What has replaced it, is the regulatory capital requirement. Regulatory or equity capital is a completely separate pile of money that the owners of the bank are required to provide when a bank is started, and maintain at a minimum ratio to their loan book, as the bank is run. The FDIC requires that this be at least $2 million when a bank is founded, plus the anticipated startup costs.  The Basel treaties then specify what percentage or leverage ratio the Bank is allowed to maintain between its equity capital and its loan book, and also what kind of financial instruments the Bank can hold the equity capital in.

There are two things then that control the immediate size of the loan book, of any bank in a Basel treaty conforming country. The amount of money it has on deposit (including savings accounts, and term deposits), and the size of its equity or regulatory capital. The fractional reserve requirement, i.e. the difference between the total amount of money it has on deposit, and the total money it has lent out, is relevant only insomuch as it is not allowed to lend out more money than it has on deposit. Just to ensure that complete confusion reigns, the recommended maximum total capital ratio, ie. the leverage ratio of equity capital to amount being loaned, is 10%. The same as the textbook fractional reserve requirement.

This is the 21st century. Weren’t we supposed to have moon bases by now?

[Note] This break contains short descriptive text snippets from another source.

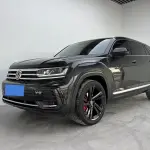 Volkswagen Teramont 2022 299 л.с. из Китая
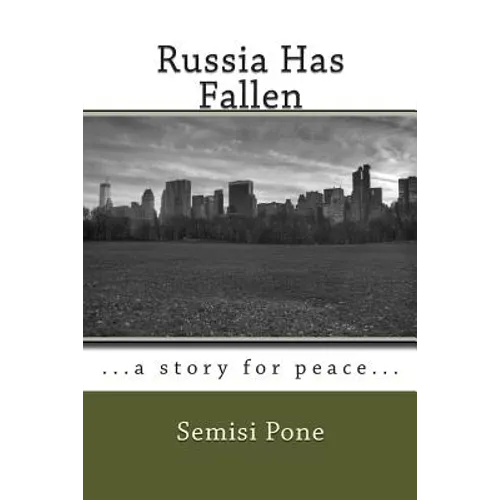 Russia Has Fallen - Paperback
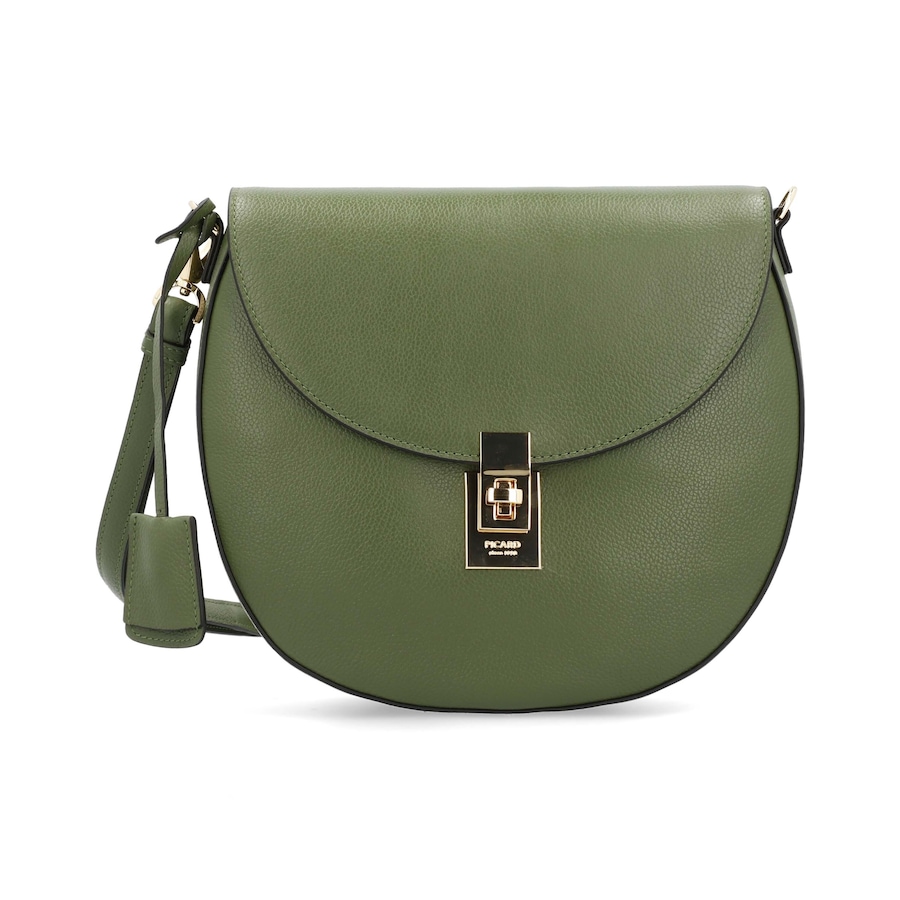 Picard Schultertasche Anita moos Braun Damen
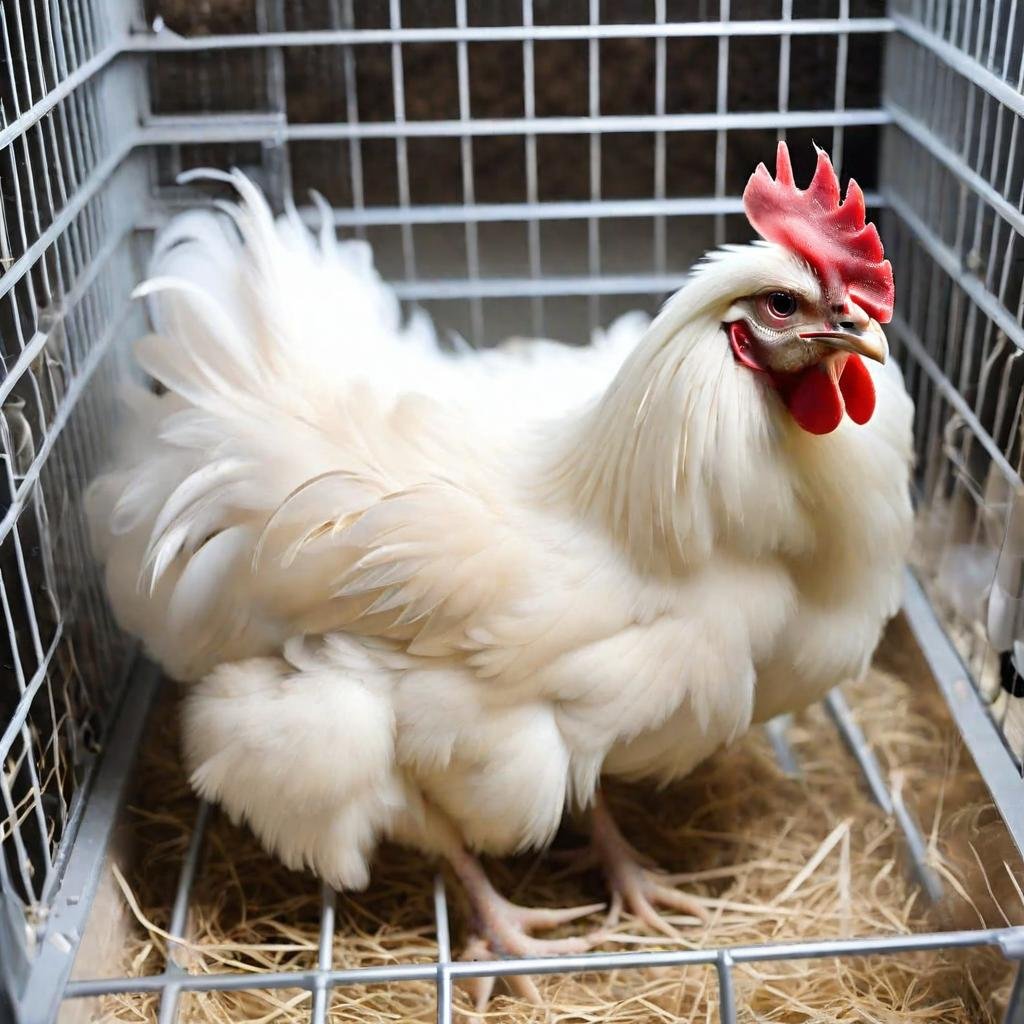 Silkie Chicken hatcheries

It makes some sense, if you only think about the situation at the individual banks. If a bank makes a loan that doesn’t get paid back, and the loan loss can’t be covered out of profits, then equity capital is there, to in theory, prevent the depositors losing the money in their accounts. This is what is being referred to when there is talk about ‘recapitalizing’ the banks. Obviously too, given that this is all that stands between the depositors, national deposit insurance funds, and significant losses in the case of loan defaults, it’s critical that the equity capital be held in extremely safe forms of financial instruments.  This is why so much of the discussion and rules around equity capital are framed by the risk of default represented by the underlying securities, and the desirability of keeping that as low as possible. Solutions to the current crisis that involve increasing the equity capital are also being floated.

You can see the mental process path that’s being followed here. If banks take a hit to their equity capital, it reduces their loan capacity. If they take a hit that’s bigger than 10%, they have no equity capital left, and then their depositor’s money is endangered. Do everything possible to prevent that happening, the depositor’s money is now safe, and banking can go back to being boring again.

Unfortunately, system design doesn’t work well, when only the individual entities are considered, and not the interactions between them. Concentrating on the risk of individual bank losses, ignores the larger issues being created by a system whose core set of rules, embodies a relationship and an interdependence between loans and the money supply. Especially, if owing to “financial innovation”, some loan instruments are being allowed to masquerade as money.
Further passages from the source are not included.